Kampus Elit Buku Best Seller Internasional Sulit
Ini berdasarkan pengalaman saya, ketika saat mencari dan membutuhkan buku“ The Grit Disruption Human Nature And Reconstituion of Sosial Order” tulisan seorang ilmuwan politik Francis Fukuyama dan buku “Why Nation Fail” tulisan dari Daron Acemoglu dan James A. Robinson yang ternyata dua buku itu tidak ada di perpustakaan kampus. Sedangkan dua referensi tersebut sedang saya butuhkan baik yang berbahasa Indonesia maupun bahasa Inggris untuk menyelesaikan beberapa tugas. Coba bayangkan jika hal tersebut menimpa teman-teman yang membutuhkan sekali (kebelet) untuk menjadi bahan referensi skripsi, tesis, ataupun disertasi akan sangat menyedihkan.
Kisah sedih ini juga terkonfirmasi dari peneltian UNESCO bahwa literasi dalam konteks ini ialah minat membaca di Indonesia sangatlah memprihatinkan, hanya ada 0,001% yang berminat. Jadi, bisa dibayangkan dari 1000 orang siswa/ mahasiwa hanya ada 1 orang yang minat membaca . Dan yang 1 orang yang minat membaca pun harus terhalangi dengan fasilitas buku yang kurang lengkap, akhirnya peradaban menjadi negara maju pun akan sukar terealisasi sehingga hanya angan-angan semata, ini pun masih terasa di beberapa kampus-kampus.
Sangat disayangkan sekali buku yang semestinya dijadikan bahan utama dalam perkembangan kampus justru dihiraukan dan lebih mementingkan administrasi daripada substansi. Memang saya akui bahwa buku di perpustakaan kampus banyak sekali yang bagus dan relevan apalagi buku-buku klasik tetapi tidak dengan buku yang kekinian ataupun yang terkenal dan sedang diperbincangkan di dunia internasional. Sialnya, ternyata (mendunia) itu hanya slogan semata yang hanya bisa didengarkan dengan penuh seksama tanpa adanya wujud nyata.

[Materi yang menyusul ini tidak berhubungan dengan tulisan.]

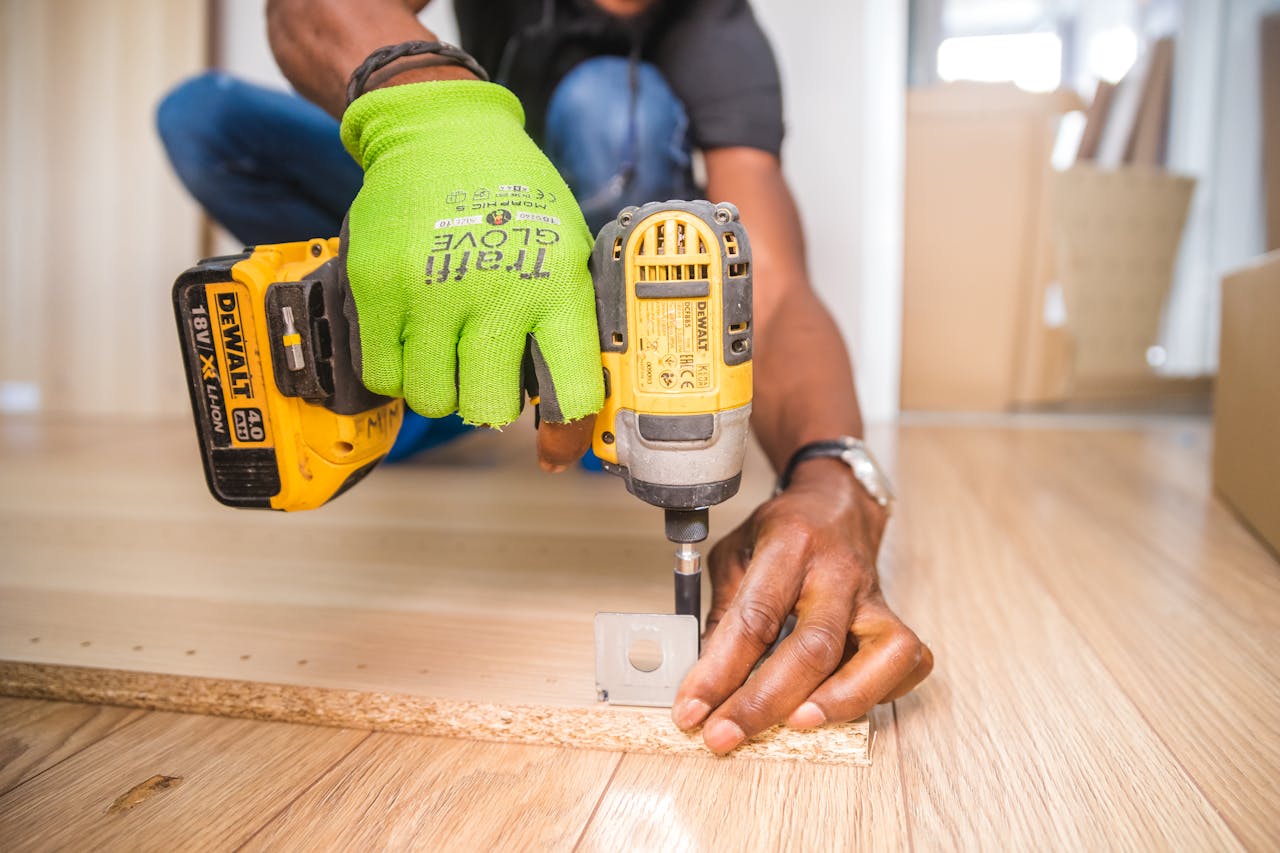 Crafting Captivating Headlines: Your awesome post title goes here Man using a power drill for home improvement on a wooden floor with precision.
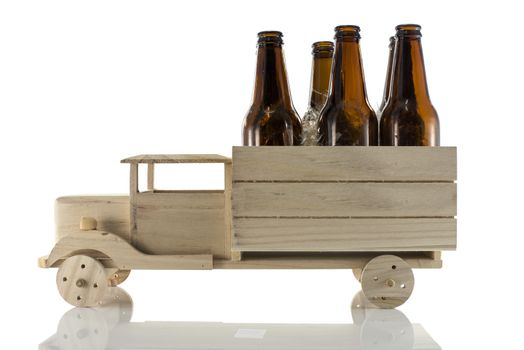 wooden car with beer bottles isoalted on white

Saya harap kampus-kampus harus adaptif dengan diskursus pengetahuan di dunia dalam jurusan apapun khususnya terkait buku. Sehingga kampus tidak hanya sebatas membangun gedung mewah berlantai marmer semata tetapi juga berusaha membantu membangun intelektual mahasiswa dengan segala kemampuannya. Kasihanlah mahasiswa dengan tugas dari dosen yang sudah setumpuk langit, jangan sampai ditambahi dengan beban fasilitas buku yang serba pelit dan sulit. Jika saat ini negara belum mampu menggratiskan perkuliahan, minimal negara mampu menyumbangkan buku-buku berkualitas untuk mencerdaskan kehidupan bangsa.
Ditulis oleh : Muhamad Riziq Maulana, Mahasiswa Hukum Tata Negara UIN Sunan Kalijaga, Yogyakarta.